Non, moi, rider de feu, tête brûlée, chaud lapin, je veux, enfin je préfère être incinéré.
Je préférerais largement un traitement à froid, j’aime le froid, mais là il ne s’agit pas de vacances ou de stage systema, il s’agit de mourir, de disparaître, donc la cuisson rapide, mais très rapide par pitié, nucléaire si vous avez, c’est ce qu’il y a de mieux je trouve.
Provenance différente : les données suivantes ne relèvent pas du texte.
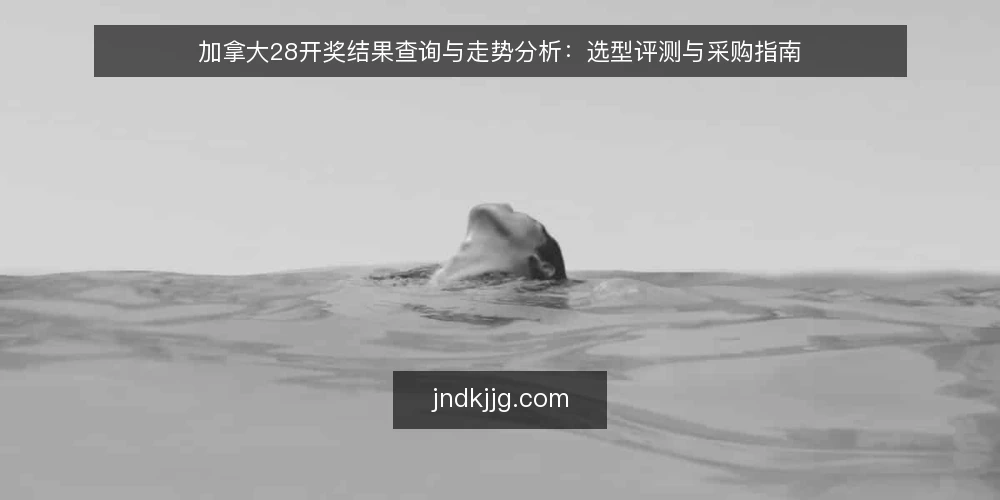 加拿大28开奖结果查询与走势分析：选型评测与采购指南 — 明确查询与走势分析的需求边界 配图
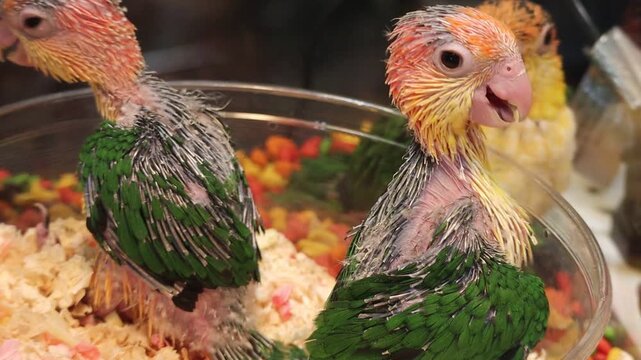 Close-Up of Young Parrot Chicks in a Nesting Bowl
Bon d’accord avec Céline : en terre, le squelette ressemble toujours mieux à un homme, mais ça c’est quand on veux pas mourir, mais quand on est mort, il paraît quand ne demande plus rien.
Après ce chapitre très dimanche soir (mais là au moins je crois que mon collègue préféré et toute la terre ont bien compris de quoi parle le texte), je vais enfin dire pourquoi ça m’intéresse cette vis en titane et que si j’avais su j’aurais préalablement demandé au chirurgien l’autorisation de graver une petite cacedédi, un petit mot, un pense-bête sur cet élément rapporté de mon corps.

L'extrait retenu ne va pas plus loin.